Yvette Cooper said job creation partnerships would dissuade people from leaving Ethiopia, while stronger law enforcement cooperation was essential to counter smuggler gangs and speed up returns of migrants with no right to stay in Britain.
“We are working together to tackle the economic drivers of illegal migration and the criminal gangs who operate globally, profiting from trading in people,” Cooper said in a statement.
“That includes new partnerships to improve trade and create thousands of good jobs in Ethiopia so people can find a better life back home instead of making perilous journeys.”
Successive British governments have sought to address illegal immigration, an issue that has helped propel the populist campaigner Nigel Farage’s Reform UK party into a commanding lead in opinion polls.
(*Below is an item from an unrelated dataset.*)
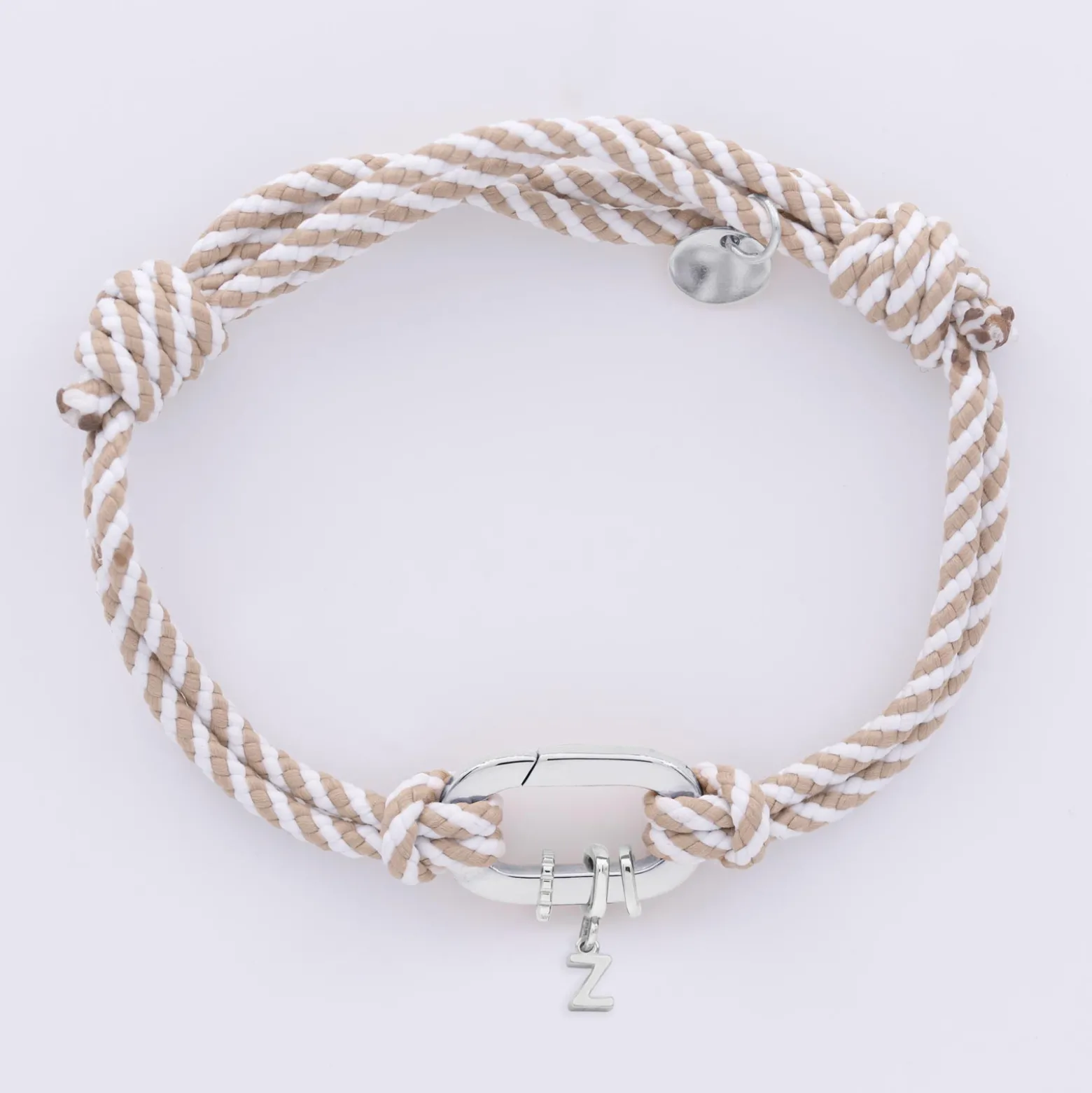 Bracelet homme personnalisé cordon marin double tressé collection Chapitre mousqueton 11x19 mm argent - à composer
Approximately 30 percent of people crossing the English Channel in small boats over the past two years were nationals from Ethiopia, Eritrea, Somalia, and Sudan, the British Foreign Ministry said.
To boost job creation in Ethiopia, Cooper is set to sign an agreement with the country to advance two energy transmission projects led by Gridworks, a UK investment organization.
She planned to announce £17 million worth of funding for tackling violence against women and girls, assistance for 68,000 children suffering malnutrition, and for projects working with displaced people.
Meanwhile, Tigrayans in northern Ethiopia fear a return to all-out war amid reports that clashes were continuing between local and federal forces on Monday, barely three years after the last devastating conflict in the region.
The civil war of 2020-2022 between the Ethiopian government and Tigray forces killed more than 600,000 people and a peace deal known as the Pretoria Agreement has never fully resolved the tensions.
Fighting broke out again last week in a disputed area of western Tigray called Tselemt and the Afar region to the east of Tigray.